Aim of the exercise – Every record should be copied exactly, and the images omitted.

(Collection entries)
• • • • •

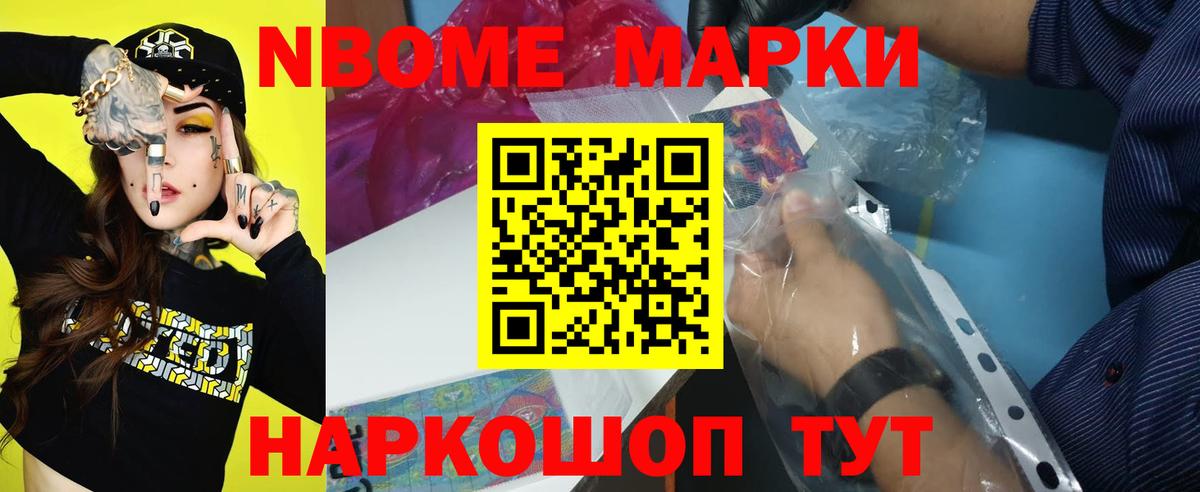 ЛСД экстази ecstasy Ростов-на-Дону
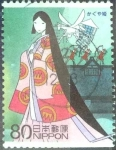 Stamps Japan -  Scott#3016d intercambio 0,55 usd 80 y. 2008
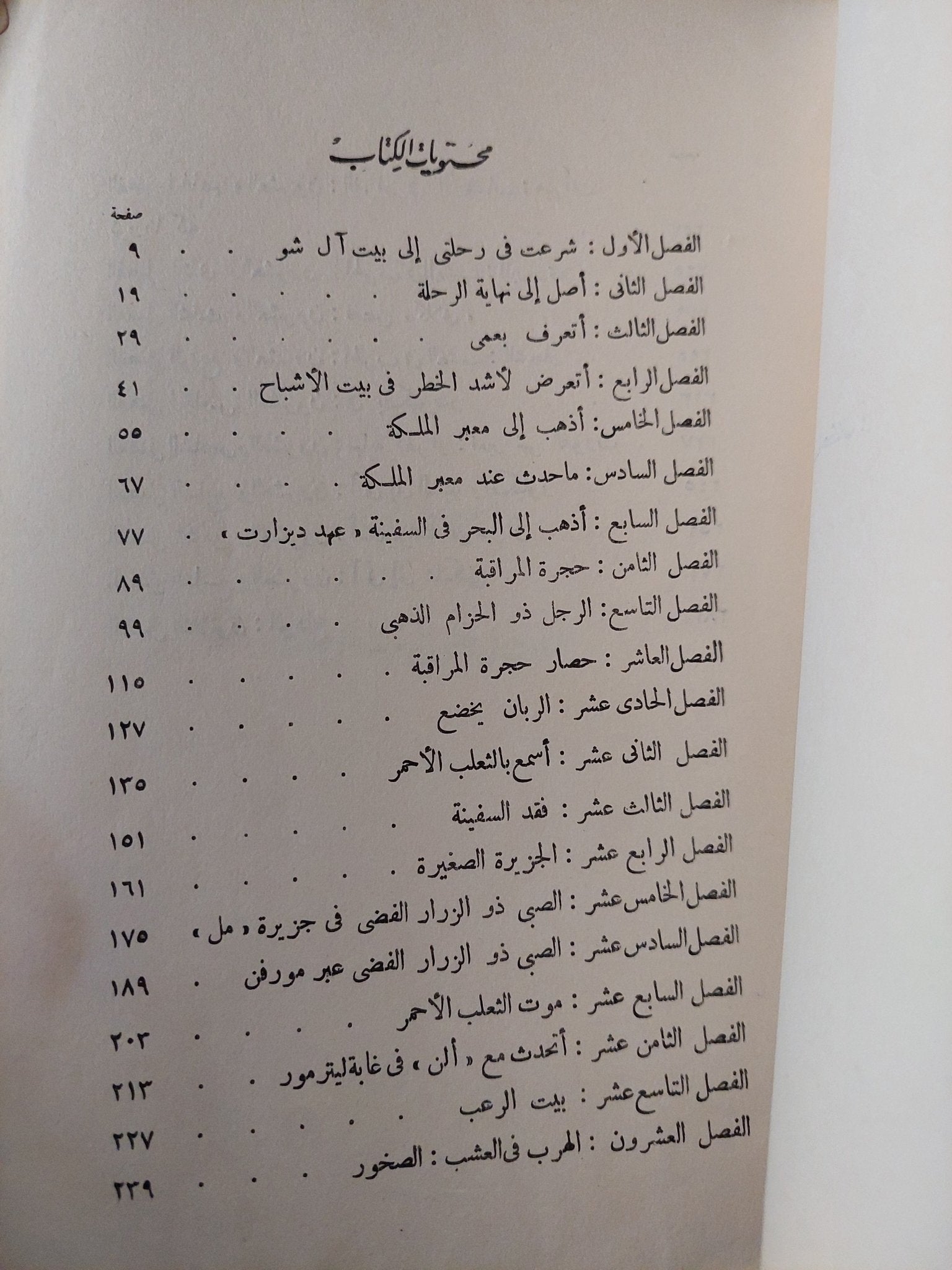 المختطف / روبرت لويس ستيفن ط١٩٦٤ - متجر كتب مصرمتجر كتب مصر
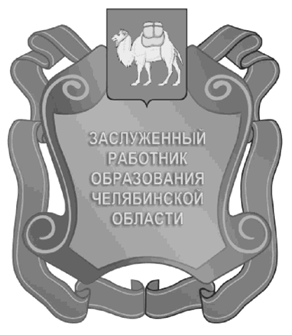 Закон Челябинской области от 23.06.2021 N 379-ЗО "О внесении изменений в Закон Челябинской области "О наградах Челябинской области"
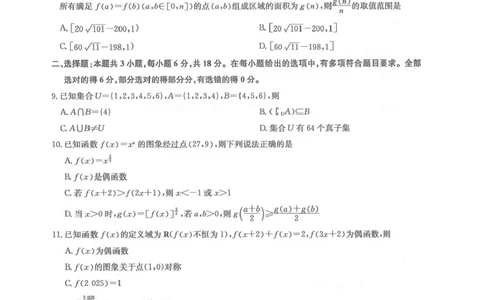 2026九师联盟高三10月10联考数学试卷（含答案）_2025年10月_2510122026九师联盟高三10月10联考（全科）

• • • • •

Reply –
 ЛСД экстази ecstasy Ростов-на-Дону
 Stamps Japan -  Scott#3016d intercambio 0,55 usd 80 y. 2008
 المختطف / روبرت لويس ستيفن ط١٩٦٤ - متجر كتب مصرمتجر كتب مصر
 Закон Челябинской области от 23.06.2021 N 379-ЗО "О внесении изменений в Закон Челябинской области "О наградах Челябинской области"
 2026九师联盟高三10月10联考数学试卷（含答案）_2025年10月_2510122026九师联盟高三10月10联考（全科）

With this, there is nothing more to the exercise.